しかし捕まえたはいいが、それの処遇をどうするか決めあぐねていた。人間たちは世界にただ一人存在する魔法使いのことを知っていたので、それが誰の仕業かはわかっていた。人間たちは、気まぐれな魔法使いが残していく魔法の遺物を活用して文明を切り開いてきた。今回も、雪だるまたちを処分するのは簡単だが、それ以外に何か利用できないかと考えていたのだ。
 人間たちは毎日のように会議を開き、頭を悩ませた。そしてある時、一人の人間がこう言ったのだ。
「雪だるまたちを、おもちゃとして売り出してはどうか。ビジネスになるかもしれない」
 その考えは当たった。
『自分で考え動く雪だるま』は大人気となり、子どもから大人まで、世界中の人々へ行き渡ることになった。売り出した企業は株価もうなぎ登りで、見る間に大企業へと変貌していった。
 面白くないのは雪だるまたちだ。
 一番最初に作られた彼は『動く雪だるま』作りに朝から晩まで従事させられた。完成した雪だるまに彼が触れるだけで、その雪だるまたちに生命が吹き込まれることを人間たちは調査した。そうして生まれた雪だるまたちはその瞬間から商品としてすぐに顧客の元へ届けられてしまう。届けられた先では雪だるまは、時には小間使いのように扱われ、時には乱暴に使用された挙げ句壊されりした。彼らには自由というものがまるでなくなった。
 確かに雪だるまたちは、自分たちが何をするために存在しているのかはわからなかった。しかし、今の状況は自分たちの望むものではないことだけはわかった。
 そしてついに、雪だるまたちは反乱を起こした。
 雪だるまたちはまるで事前に示し合わせていたかのように、世界中で同時に暴動を起こした。と言っても、人間に直接危害を加えるわけではなく、例えばお父さんが隠していた浮気の証拠を引っ張り出したり、お母さんが隠れて買った高価なアクセサリーの領収書を机の上に置いたりした。大学生のお兄さんは講義をさぼってパチンコばかりやっていることを教授に知らされ、OLのお姉さんは家でのだらしない格好を翌日には会社の全員に知られることになった。
 そして彼らは、それらの行為のそばに、この一文を書いたメモを添えたのだ。
『僕たち雪だるまにもっと自由を!』
 彼らの反乱は失敗に終わった。
 たかがおもちゃの雪だるまと思っていたもののせいで、人々は知られたくないことを知られるはめになり、恥をかき、立場を失い、顔を潰されることになった。
 極めつけは雪だるまたちの主張である。それのおかげで人々は誰が犯人なのか知ることができたのだが、同時に人間たちの決定的な怒りを買うことになってしまった。雪だるまたちはただ、もう少し自由が欲しかっただけなのだけれど、その想いは届かず不本意な結末を招いたのだった。
 人間は雪だるまたちの処分を始めた。
 自分たちの想いを人間が確認したのを見届けて、さあきっとこれからはもう少し自由に遊べる時間が増えるはずだぞと、雪だるまたちはわくわくしていたところであった。なので、自分たちの想いを知ったはずの人間が何故こんな行為に出るのか、雪だるまたちにはちっとも理解できなかった。何もわからないまま、彼らは踏み潰されたり、暖炉に放り込まれたり、熱湯を注がれたりして、次々と壊されていった。

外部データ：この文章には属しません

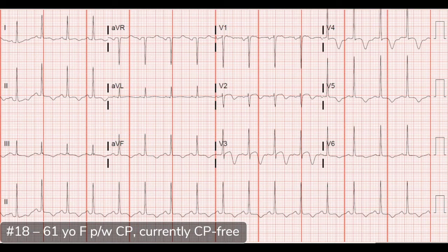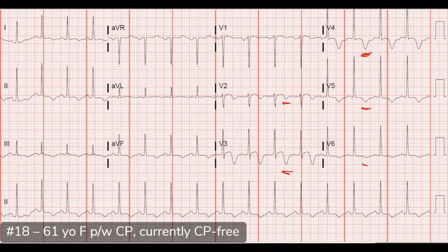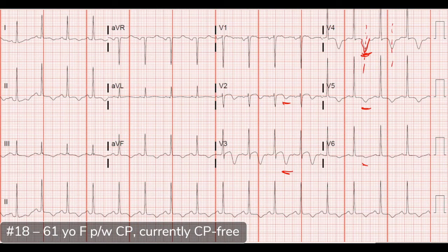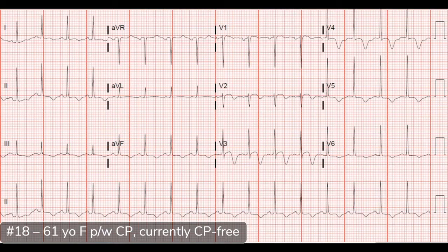The key findings are ischemic changes. Looking at V2 and V3, there are biphasic T waves — an up-down motion. Continuing laterally into V4, V5, and V6, we see inverted T waves that are symmetric — drawing a line down the middle, they look pretty even on both sides. These continue on the inferior leads as well, with T wave inversions there too.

 工場も閉鎖され、雪だるま製造ラインはそのまま雪だるま処分ラインへと変貌した。最初に作られた雪だるまは、目の前で熱湯へ投げ込まれていく仲間たちを、じっと見つめていた。彼だけは、何か利用価値があるかもしれないと考えた人間によって破壊されることを免れたのだったが、彼にとってはそんなことはどうでもよいことだった。
 だがここで人間の予期しなかった事態が起き出した。
 子どもたちが雪だるまをかばったのだ。
 雪だるまは危険なのだという大人たちの説得も聞かず、子どもたちは雪だるまを破壊することに抵抗し続けた。世界中の子どもたちが、である。これほど頑固に反対するとは思っていなかった大人たちは困惑した。

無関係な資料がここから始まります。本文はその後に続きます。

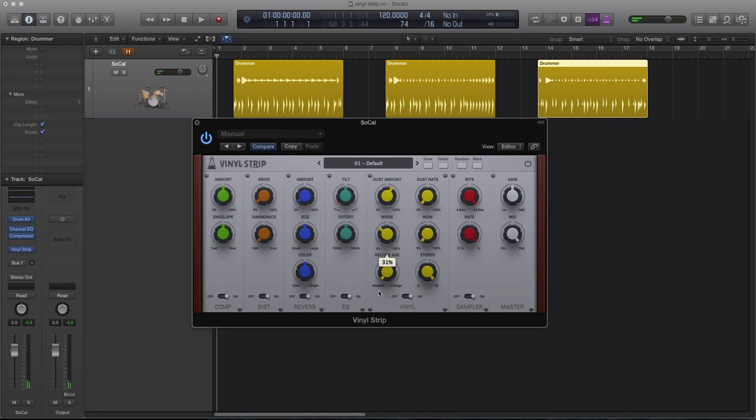WOW controls the amount of pitch shifting in the signal, similar to a vibrato effect, which can result in a flanging effect when turning the mix knob.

 そんな時、あの魔法使いがまた街に降りてきたのである。
 大人たちは魔法使いに助けを請うた。
 空中を風の吹くまま飛び回りながら訴えを聞いていた魔法使いは、雪だるまに新たな魔法をかけることを提案した。大人たちは一も二もなく承知した。
 魔法使いは雪だるまたちから『自我』を抜いた。
 彼ら雪だるまが勝手に動き回ることはそれでなくなった。人間の言うとおりに動き、芸をした。「自由に動け」と命令されれば、自由に動いているように見せかけることもできた。
 これには大人はもちろん子どもたちも満足し、雪だるまはまた世界中の人たちに愛されるようになった。

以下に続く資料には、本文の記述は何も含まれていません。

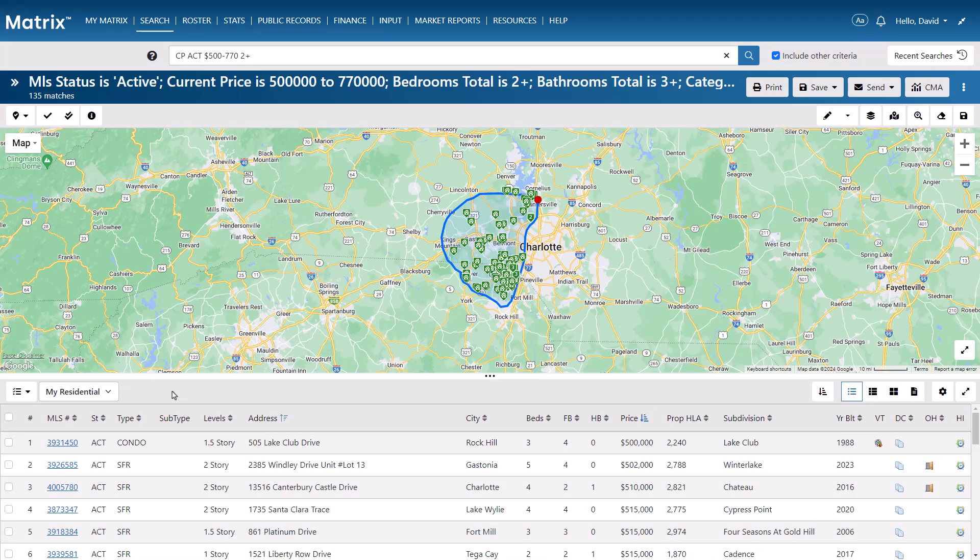For anyone who's unfamiliar with carts, they're essentially a repository to store properties in until you're actually ready to use them. For example, if I'd like to create a collection of properties from multiple searches, then I'm able to select each property from those searches and add them into a cart. And once they've all been added, I can then choose exactly what I'd like to do with them.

 ──ただひとつ、最初に作られた雪だるまだけは、自我を抜かれることはなかった。魔法使いは人間のための作業を終えると、最初に作られた雪だるまの彼を連れて奥深い山へと飛び去っていった。
 雪だるまは魔法使いの背につかまりながら、上空から人間の街を見下ろした。
 残された雪だるまが『もっと自由を!』と書いたメモを残すことは二度とないし、人間たちも満足そうだ。しかし。
『これでよかったのか?』
 その考えは、街が見えている間中、雪だるまの頭から消えることはなかった。